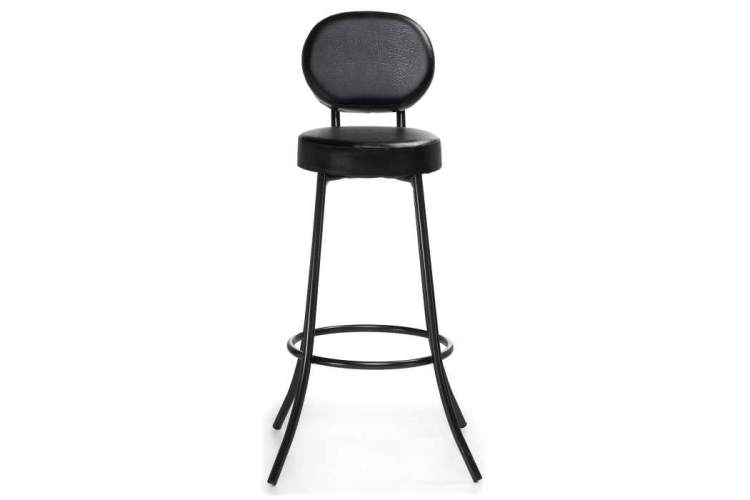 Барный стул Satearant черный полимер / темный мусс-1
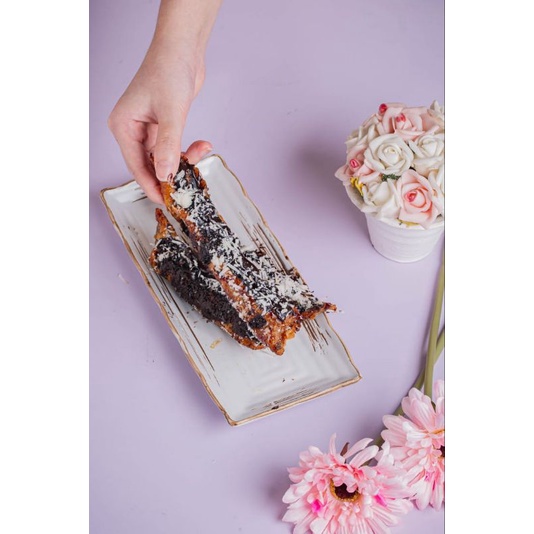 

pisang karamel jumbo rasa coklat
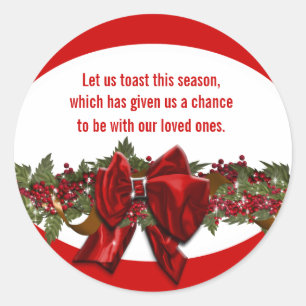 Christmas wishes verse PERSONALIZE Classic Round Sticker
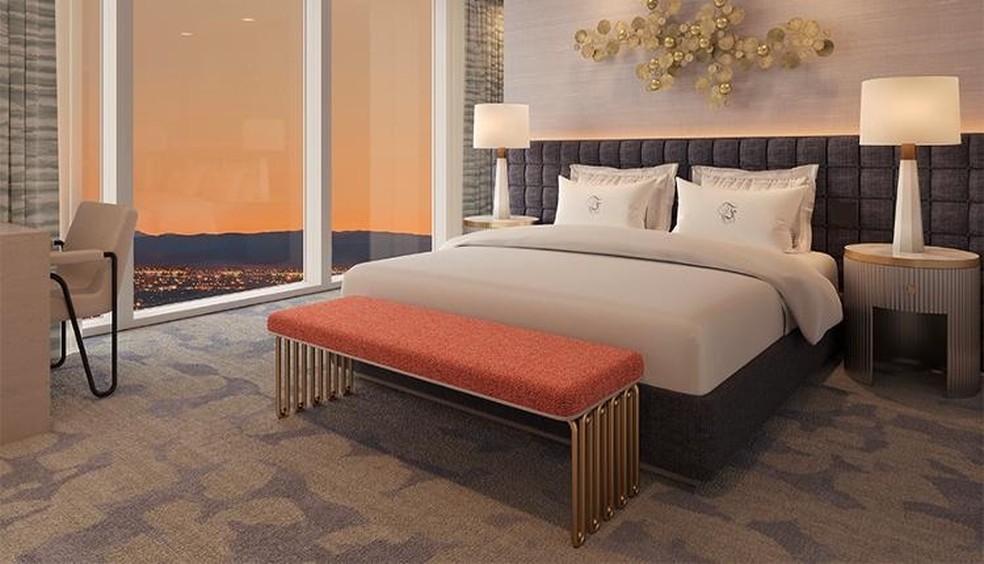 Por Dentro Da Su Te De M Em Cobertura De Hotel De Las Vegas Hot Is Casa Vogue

==

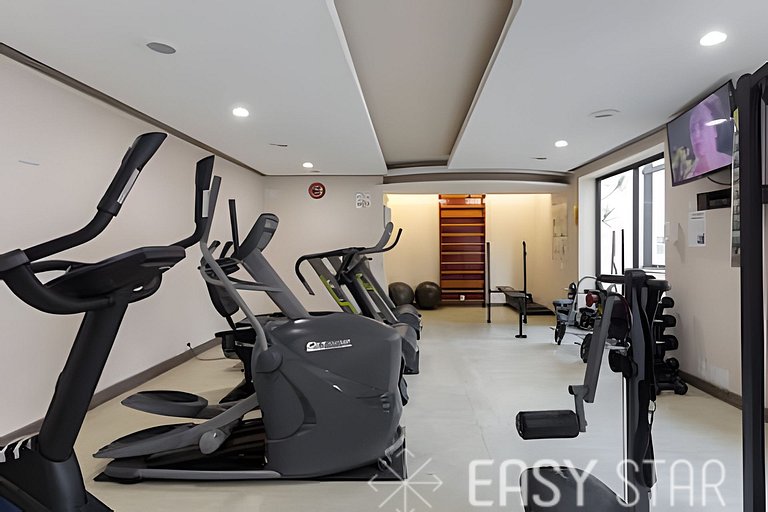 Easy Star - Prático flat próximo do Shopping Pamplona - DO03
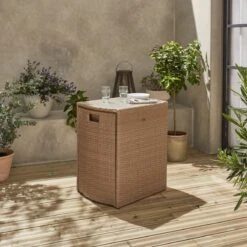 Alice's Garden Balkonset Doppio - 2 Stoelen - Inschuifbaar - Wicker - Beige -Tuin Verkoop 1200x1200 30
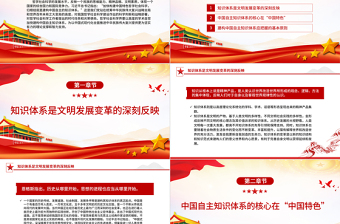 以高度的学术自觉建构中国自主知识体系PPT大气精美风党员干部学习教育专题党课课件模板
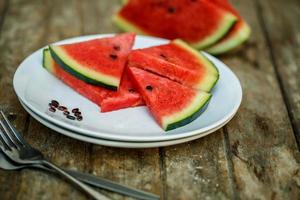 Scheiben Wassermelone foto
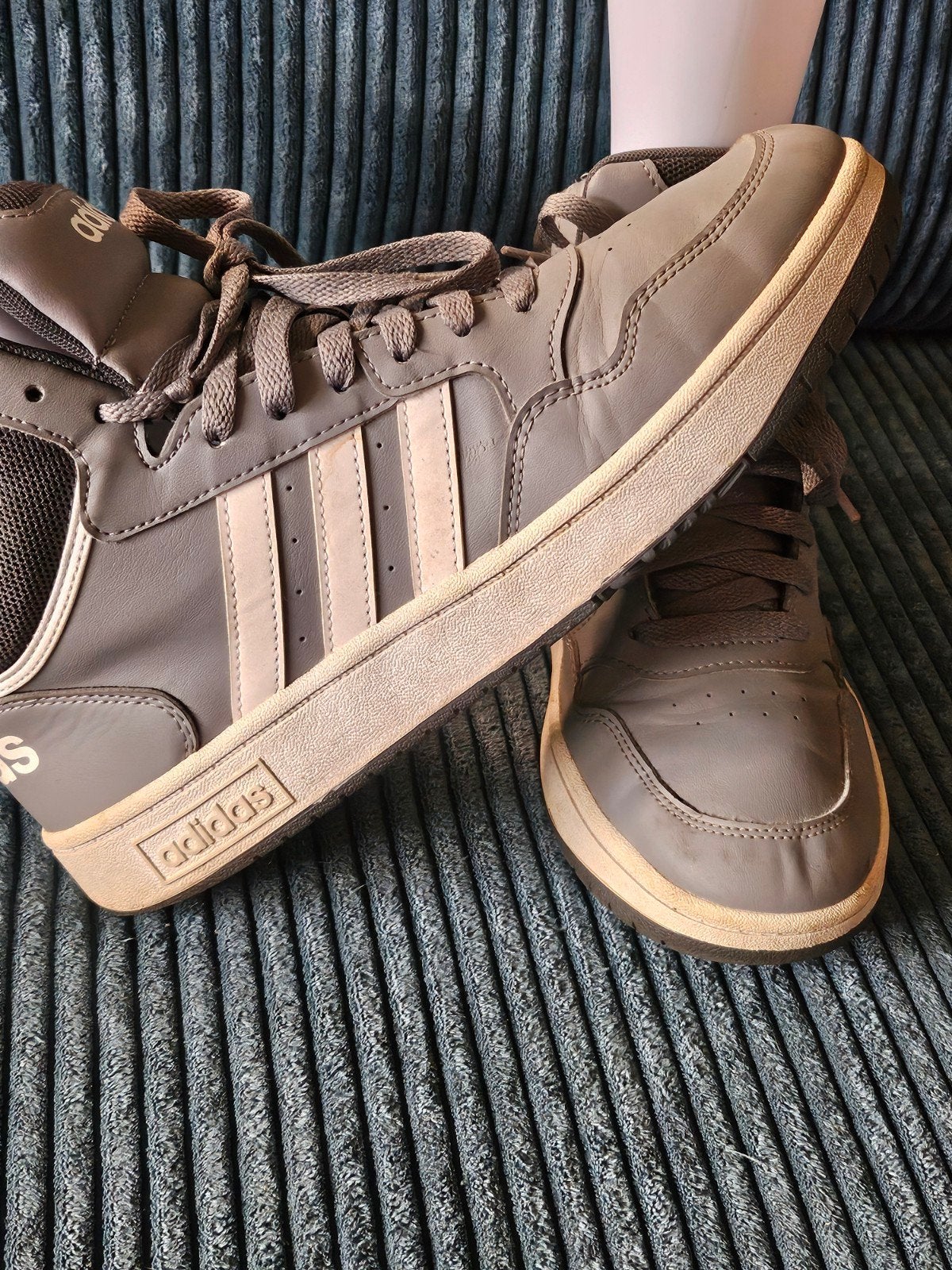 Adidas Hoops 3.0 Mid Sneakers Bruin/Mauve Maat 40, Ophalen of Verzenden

* * *

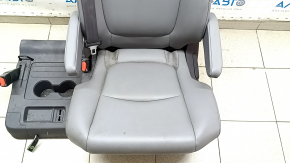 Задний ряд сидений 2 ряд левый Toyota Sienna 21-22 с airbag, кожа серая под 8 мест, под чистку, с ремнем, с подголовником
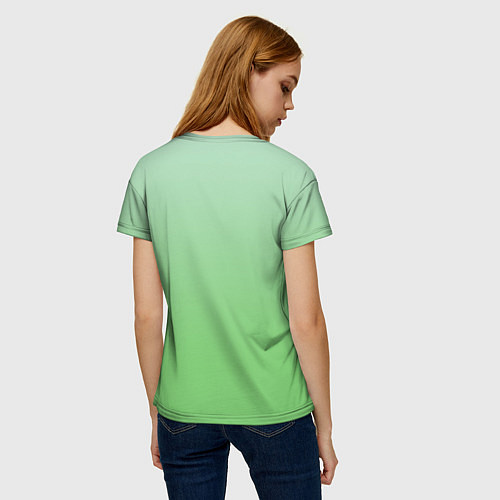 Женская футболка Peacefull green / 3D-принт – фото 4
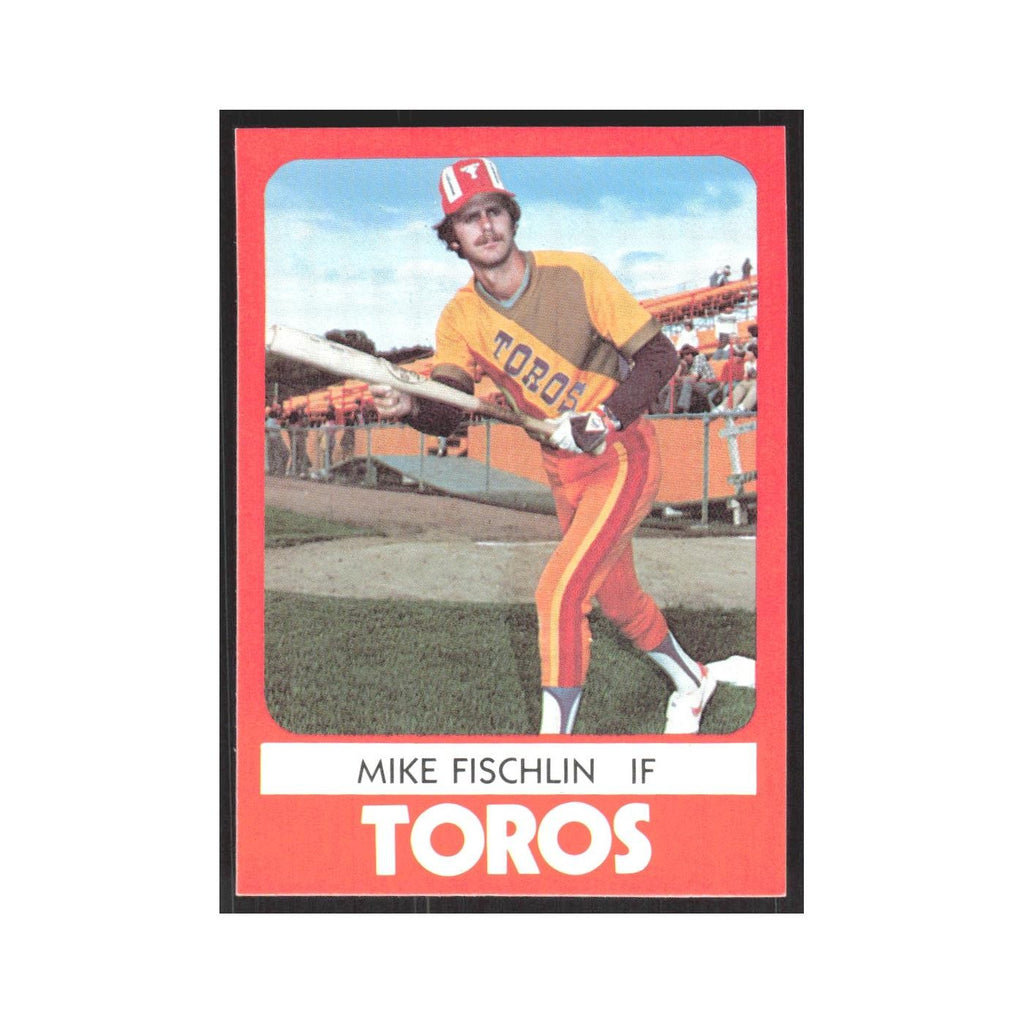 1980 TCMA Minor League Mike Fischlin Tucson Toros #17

### [Activity]
Lines from the one above containing "pisang karamel jumbo rasa coklat" down to the one containing "Por Dentro Da" should be transcribed exactly, with both ends kept and no pictures.

### [Answer]
pisang karamel jumbo rasa coklat
 Christmas wishes verse PERSONALIZE Classic Round Sticker
 Por Dentro Da Su Te De M Em Cobertura De Hotel De Las Vegas Hot Is Casa Vogue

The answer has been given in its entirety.